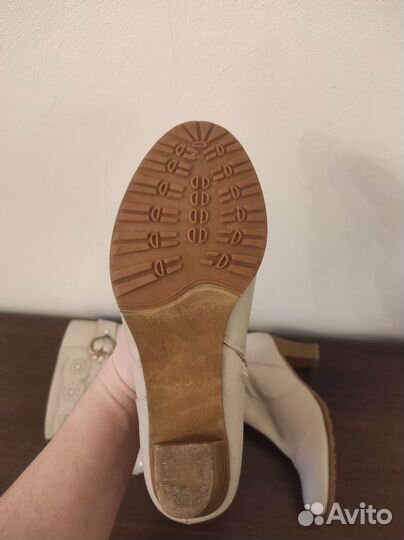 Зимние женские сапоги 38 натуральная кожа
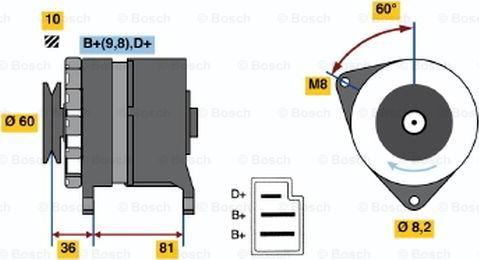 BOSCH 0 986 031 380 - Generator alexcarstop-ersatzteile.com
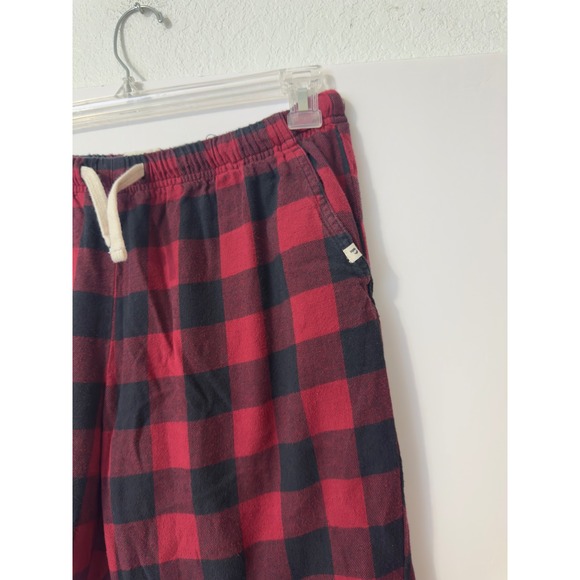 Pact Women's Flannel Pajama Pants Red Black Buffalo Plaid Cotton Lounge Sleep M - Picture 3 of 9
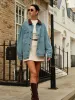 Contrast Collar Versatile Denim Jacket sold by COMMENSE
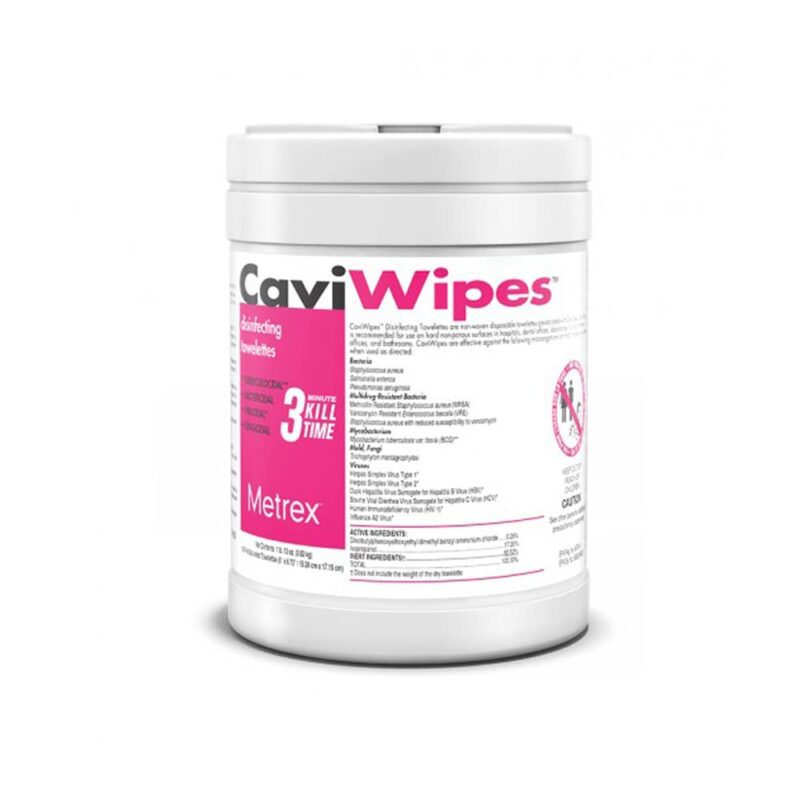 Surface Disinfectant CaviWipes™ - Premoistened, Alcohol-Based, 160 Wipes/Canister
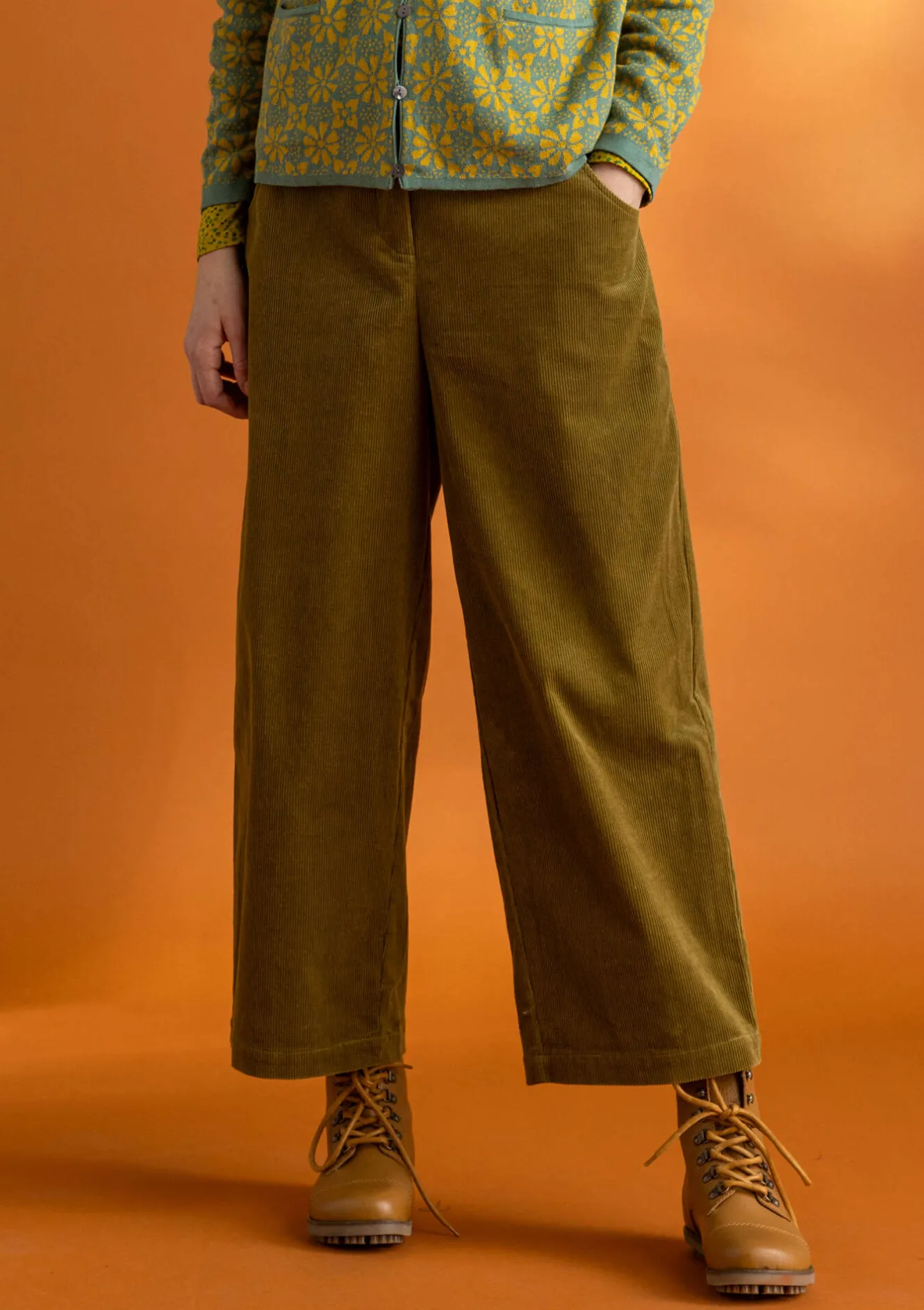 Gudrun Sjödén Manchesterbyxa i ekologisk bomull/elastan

§ **Description of the task**
Your output should be the records above, duplicated exactly and picture-free.

§ **The completed task**
 Зимние женские сапоги 38 натуральная кожа
 BOSCH 0 986 031 380 - Generator alexcarstop-ersatzteile.com
 Pact Women's Flannel Pajama Pants Red Black Buffalo Plaid Cotton Lounge Sleep M - Picture 3 of 9
 Contrast Collar Versatile Denim Jacket sold by COMMENSE
 Surface Disinfectant CaviWipes™ - Premoistened, Alcohol-Based, 160 Wipes/Canister
 Gudrun Sjödén Manchesterbyxa i ekologisk bomull/elastan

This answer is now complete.